Sports Culture & Student Engagement

OIM 463 · Final Written Report

Author

Group 2

Published

May 6, 2026

1 Introduction

This report examines which sport :Football, Basketball, or Soccer drives the highest student engagement, what student characteristics predict cultural adoption, how action type and intensity shape reward outcomes, and how peer influence and social media relate to both engagement and adoption. The analysis draws on 1400 student-timestep records from a behavioral simulation of sports culture on a university campus.

The central problem: institutions invest heavily in sports programming to build campus culture, but the levers that drive surface-level engagement versus deep cultural adoption are rarely the same.

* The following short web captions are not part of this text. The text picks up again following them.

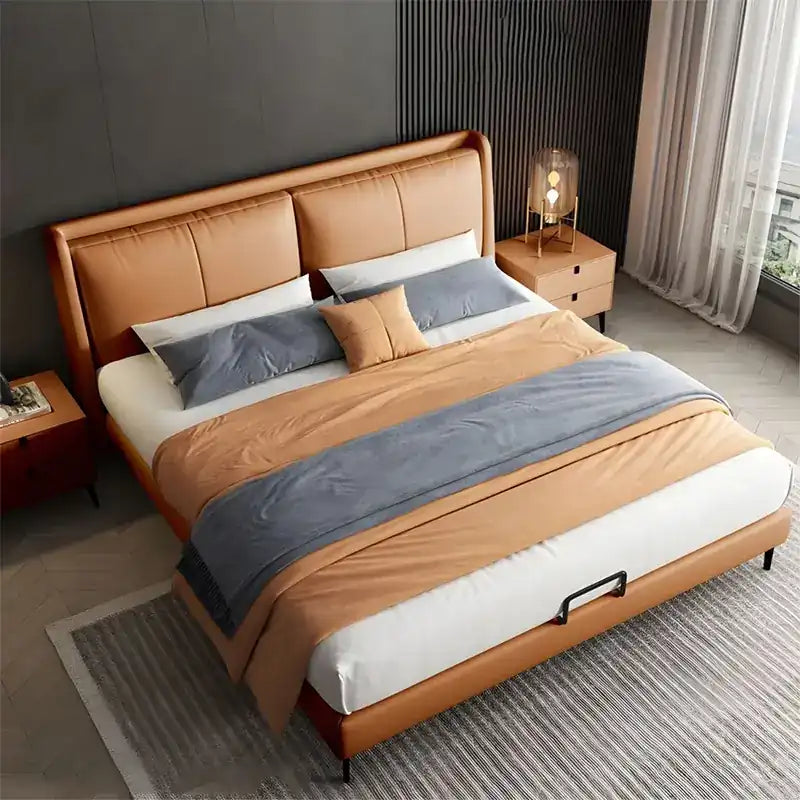 upholstered bed shown in a spacious bed layout with wide padded headboard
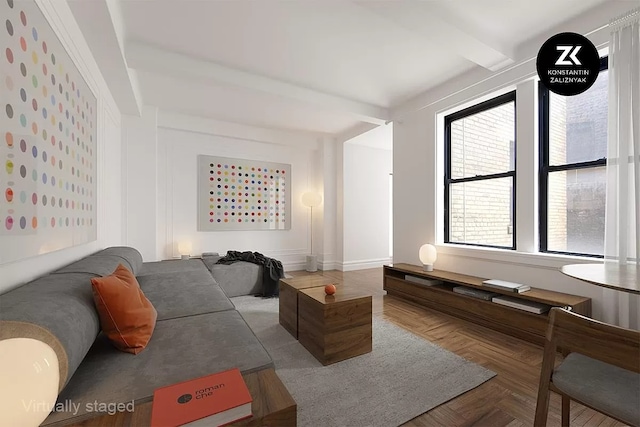 living room featuring beam ceiling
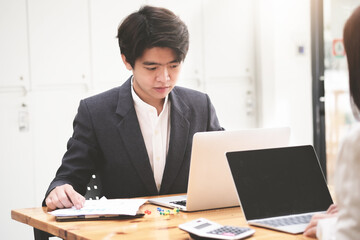 businessman and businesswoman using computer laptop for research or Marketing development in budget of company.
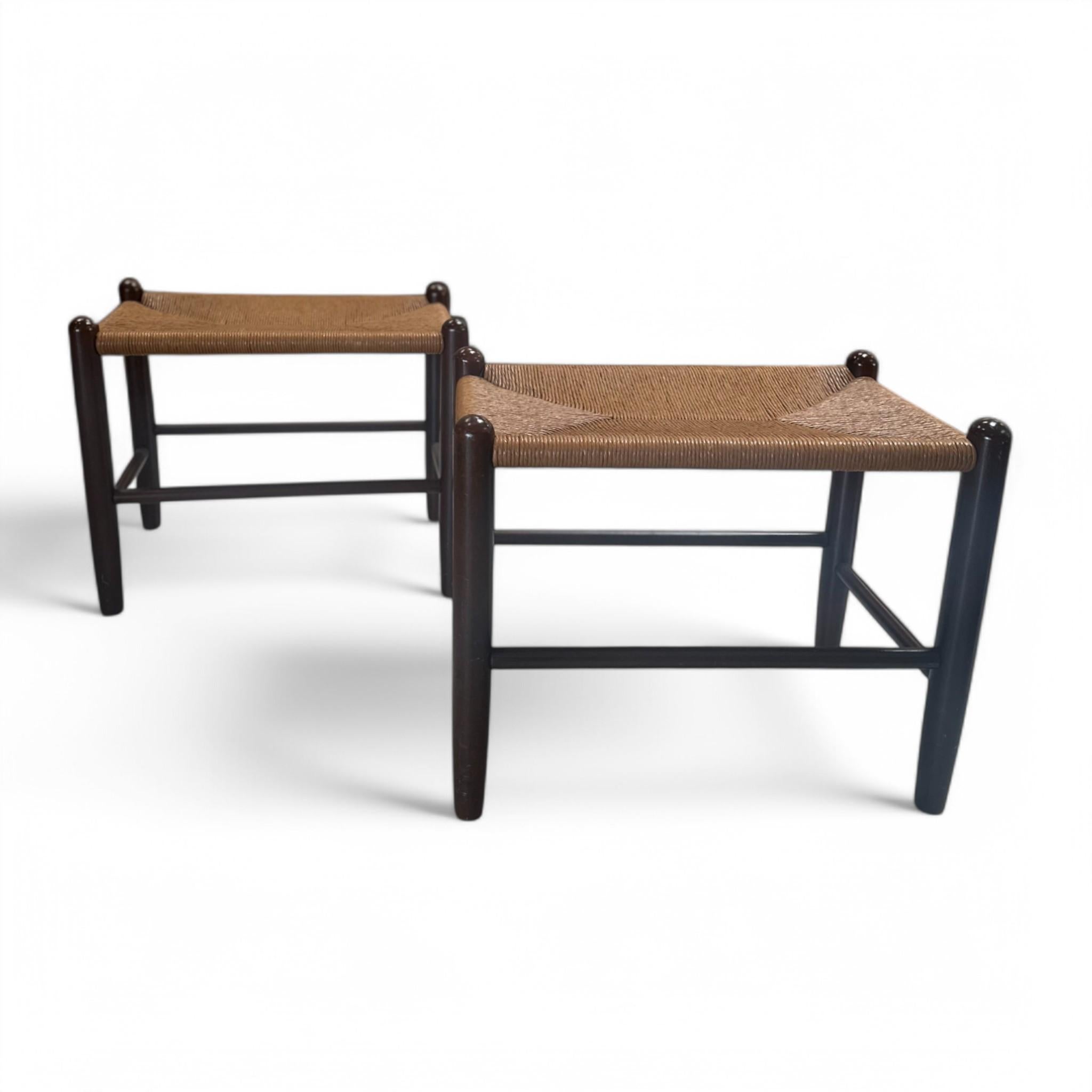 This pair of mid-century inspired raffia stools blends natural texture with sleek wooden frames for a timeless, versatile look. Perfect as extra seating, footrests, or side tables, their clean lines and woven seats add warmth and character to any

A student who shows up to three games (high engagement) may not integrate the sport into their identity (low adoption) and vice versa. This report untangles those two outcome tracks and examines what moves the needle on each.

1.1 Data Source

The dataset Sports Culture Dataset (OIM 463) is a publicly available synthetic simulation dataset modeled on reinforcement-learning dynamics of student behavior. It was obtained from the course data repository. Each observation represents one student at one timestep, capturing input signals (peer influence, social media activity, baseline interest), the sport type chosen, and outcome metrics (awareness, engagement, cultural adoption, reward). The dataset contains 20 variables; two had minor missingness (≤5%) addressed by median imputation in the dashboard.

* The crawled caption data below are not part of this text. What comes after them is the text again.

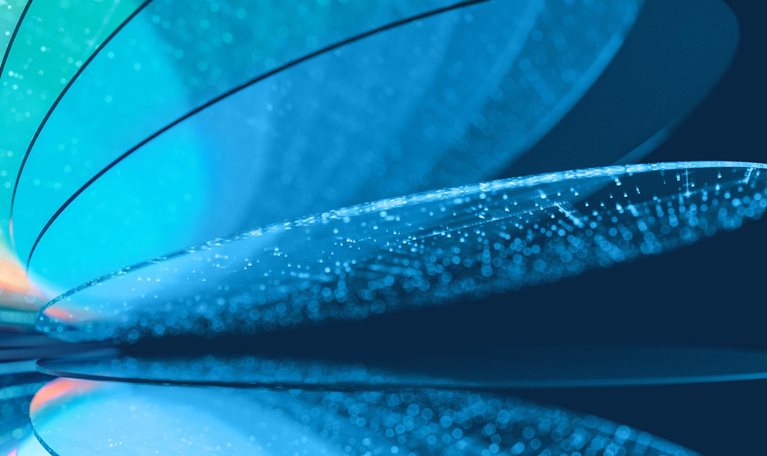 An abstract close-up of layered, translucent curved silicon wafer like forms in shades of blue, teal, and pale orange, with glowing dotted textures along their surfaces. The shapes overlap and reflect across a dark blue background.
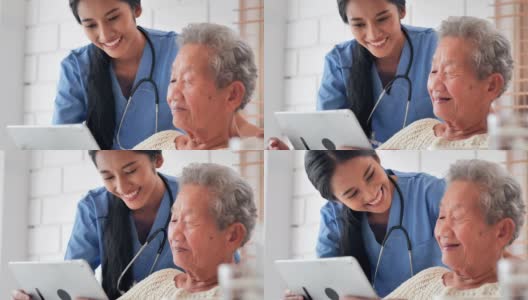 亚洲老年妇女与年轻的黑人女护士医生交谈，帮助患者在家里进行平板电脑治疗Covid-19病毒的教育。教育、医疗、护理、技术、老年护理、退休、志愿者、慈善、养老院、冠状病毒或新冠肺炎高清在线视频素材下载
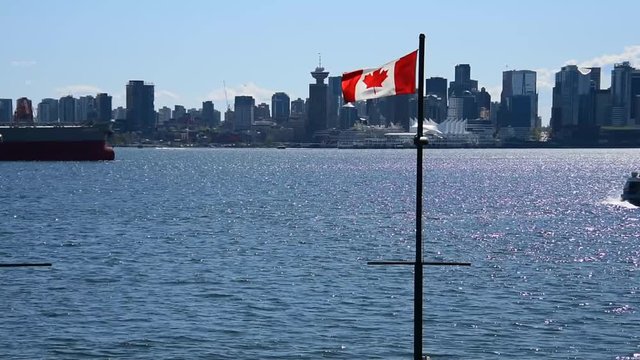 The Canadian flag waving in the sky, with the Harbour Tower visible in the background. The focus is on downtown. Seabus coming out from north to south.Ver.1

1.2 Ethical Considerations

The dataset is entirely synthetic with no real personally identifiable information. The student_id field is a surrogate key with no link to real individuals. The source requires no scraping, is not paywalled, and has no robots.txt restrictions on academic use. If this methodology were applied to a real student population, consent and de-identification protocols would be required before any individual-level analysis.


2 Data Overview

Show code
tibble(
  Metric = c("Observations", "Variables", "Sports", "Year Groups", "Avg Engagement", "Avg Reward", "Adoption Rate"),
  Value  = c(
    as.character(nrow(df)),
    as.character(ncol(raw)),
    as.character(n_distinct(df$sport)),
    as.character(n_distinct(df$year_label)),
    sprintf("%.3f", mean(df$engagement_level)),
    sprintf("%.3f", mean(df$reward)),
    percent(mean(df$adopted), accuracy = 1)
  )
) |> kable(caption = "Dataset at a glance")
Dataset at a glance
Metric Value
Observations 1400
Variables 16
Sports 3
Year Groups 4
Avg Engagement 0.550
Avg Reward 0.699
Adoption Rate 52%

The sample is well-balanced: Football accounts for 34% of records, Basketball 35%, and Soccer 31%. Each academic year is similarly represented (~25% each), so raw group comparisons are valid without reweighting.


3 Research Questions

We organized the analysis around eight questions across two tracks: engagement (Q1–Q5) and three deeper investigations added to understand the adoption side of the picture (Q6–Q8).

# Question Dashboard Tab
Q1 Which sport produces the highest average engagement? Overview
Q2 Does engagement differ by academic year, and does sport interact? Deep Dive
Q3 Is there an optimal action intensity for each sport? Deep Dive
Q4 Which influence drivers best predict engagement? Influence Drivers
Q5 Are engagement and cultural adoption the same construct? Adoption Predictors
Q6 Which student characteristics best predict high cultural adoption? Adoption Predictors
Q7 Does action type and intensity drive reward outcomes? Action & Reward
Q8 How do peer influence and social media relate to engagement and adoption? Peer & Social

4 Findings

4.1 Q1: Which Sport Leads on Engagement?

Show code
sport_summary <- df |>
  group_by(sport) |>
  summarise(
    n         = n(),
    avg       = mean(engagement_level),
    se        = sd(engagement_level) / sqrt(n()),
    ci_lo     = avg - 1.96 * se,
    ci_hi     = avg + 1.96 * se,
    high_pct  = mean(engaged_high),
    adopt_pct = mean(adopted)
  )

sport_summary |>
  ggplot(aes(reorder(sport, avg), avg, fill = sport)) +
  geom_col(width = 0.55, alpha = 0.9) +
  geom_errorbar(aes(ymin = ci_lo, ymax = ci_hi), width = 0.1, color = "white") +
  geom_text(aes(label = sprintf("%.3f", avg)), vjust = -0.6, fontface = "bold", size = 4) +
  scale_fill_manual(values = sport_colors) +
  scale_y_continuous(limits = c(0, 0.7)) +
  labs(title = "Average Engagement Level by Sport", subtitle = "Error bars = 95% CI",
       x = NULL, y = "Average Engagement Level") +
  guides(fill = "none") + theme_minimal(base_size = 13)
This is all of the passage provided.